I'm debating what to do with my M system. I purchased the M5 and the 11-22, 18-150, 22mm f2, 32mm 1.4. I don't own much EF glass anymore, I bought a Canon R6 with many RF zoom and prime lenses. Even for a family trip, I'm thinking to bring the R6 with 24-105 F4 and maybe RF15-35 and a small lightweight prime like RF 35mm 1.8. Now I'm debating if I should sell my whole M kit, or upgrade the body from Canon M5 to M6 ii, and maybe get a wide fast prime like sigma 16mm 1.4 as a lighter weight kit to the R6. After using the R6, I can feel the M5 AF is definitely too slow for capturing my kids or fast motion. The M6ii AF looks much more similar to the R6 in terms of feature set. The weight difference of R6 + RF24-105 is not that much compared to the M5 and a few lenses, plus the 24-105 can produce much shallower DOF almost equivalent to the primes on the APS-C M5 sensor due to the full frame sensor. I'd be curious to see what others that own both R series body and M series are doing.


----------



## SteveC (May 28, 2021)

chrislambert said:


> I'm debating what to do with my M system. I purchased the M5 and the 11-22, 18-150, 22mm f2, 32mm 1.4. I don't own much EF glass anymore, I bought a Canon R6 with many RF zoom and prime lenses. Even for a family trip, I'm thinking to bring the R6 with 24-105 F4 and maybe RF15-35 and a small lightweight prime like RF 35mm 1.8. Now I'm debating if I should sell my whole M kit, or upgrade the body from Canon M5 to M6 ii, and maybe get a wide fast prime like sigma 16mm 1.4 as a lighter weight kit to the R6. After using the R6, I can feel the M5 AF is definitely too slow for capturing my kids or fast motion. The M6ii AF looks much more similar to the R6 in terms of feature set. The weight difference of R6 + RF24-105 is not that much compared to the M5 and a few lenses, plus the 24-105 can produce much shallower DOF almost equivalent to the primes on the APS-C M5 sensor due to the full frame sensor. I'd be curious to see what others that own both R series body and M series are doing.



Hanging on to both. I should add that on my M6-II I use a Tamron 18-200 (native EF-M mount), rather than the limited ranges offered by the Canon lenses. It's obviously fatter than the Canon lenses, but the camera is all around useful in a not-outrageously-huge size. That likely makes a huge difference; were I to confine myself to those Canon "long" zooms, it'd be a lot less usable. 

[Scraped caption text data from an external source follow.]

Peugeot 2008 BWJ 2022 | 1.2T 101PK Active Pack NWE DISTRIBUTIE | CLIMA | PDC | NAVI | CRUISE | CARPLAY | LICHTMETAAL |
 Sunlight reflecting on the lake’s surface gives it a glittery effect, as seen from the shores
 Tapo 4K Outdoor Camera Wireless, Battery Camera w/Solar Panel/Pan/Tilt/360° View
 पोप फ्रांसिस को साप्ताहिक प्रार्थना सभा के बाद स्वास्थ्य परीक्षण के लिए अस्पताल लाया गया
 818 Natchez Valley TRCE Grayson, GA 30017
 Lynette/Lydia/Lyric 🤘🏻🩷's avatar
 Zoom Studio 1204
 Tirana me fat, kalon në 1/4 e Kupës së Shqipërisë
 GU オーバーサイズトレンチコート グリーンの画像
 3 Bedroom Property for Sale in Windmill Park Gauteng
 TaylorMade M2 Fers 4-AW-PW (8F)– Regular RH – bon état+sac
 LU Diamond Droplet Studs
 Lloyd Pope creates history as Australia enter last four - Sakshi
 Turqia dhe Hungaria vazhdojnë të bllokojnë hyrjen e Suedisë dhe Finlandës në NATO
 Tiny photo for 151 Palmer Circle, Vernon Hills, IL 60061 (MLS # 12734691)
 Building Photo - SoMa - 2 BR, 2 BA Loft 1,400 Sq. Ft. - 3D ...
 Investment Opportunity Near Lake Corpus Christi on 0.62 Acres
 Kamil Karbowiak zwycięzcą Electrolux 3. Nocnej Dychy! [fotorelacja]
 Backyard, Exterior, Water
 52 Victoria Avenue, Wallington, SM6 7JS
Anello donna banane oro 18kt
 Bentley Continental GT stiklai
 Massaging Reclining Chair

I probably have more occasion to use it than my R5, honestly.

But when you want an R5, you _really_ want an R5, so I won't be ditching it either.


----------



## chrislambert (May 29, 2021)

SteveC said:


> Hanging on to both. I should add that on my M6-II I use a Tamron 18-200 (native EF-M mount), rather than the limited ranges offered by the Canon lenses. It's obviously fatter than the Canon lenses, but the camera is all around useful in a not-outrageously-huge size. That likely makes a huge difference; were I to confine myself to those Canon "long" zooms, it'd be a lot less usable.
> 
> I probably have more occasion to use it than my R5, honestly.
> 
> But when you want an R5, you _really_ want an R5, so I won't be ditching it either.


Thanks, do you feel the LCD responsiveness, shutter and AF is similar to the R5 on the M6ii? I'm thinking to sell the M5 and get the M6ii, I don't really use the viewfinder that much on the small mirrorless, when I do it's usually for pro work on the R6. I'd rather have the faster LCD and AF. The sigma 1.4 native EF-M prime lenses look very interesting for the small M6ii body. The other option is to get a Canon RP as backup for the R6 but I lose the versatility of the small kit with EF-M lenses. So I like you approach of keeping both.


----------



## SteveC (Jun 1, 2021)

chrislambert said:


> Thanks, do you feel the LCD responsiveness, shutter and AF is similar to the R5 on the M6ii? I'm thinking to sell the M5 and get the M6ii, I don't really use the viewfinder that much on the small mirrorless, when I do it's usually for pro work on the R6. I'd rather have the faster LCD and AF. The sigma 1.4 native EF-M prime lenses look very interesting for the small M6ii body. The other option is to get a Canon RP as backup for the R6 but I lose the versatility of the small kit with EF-M lenses. So I like you approach of keeping both.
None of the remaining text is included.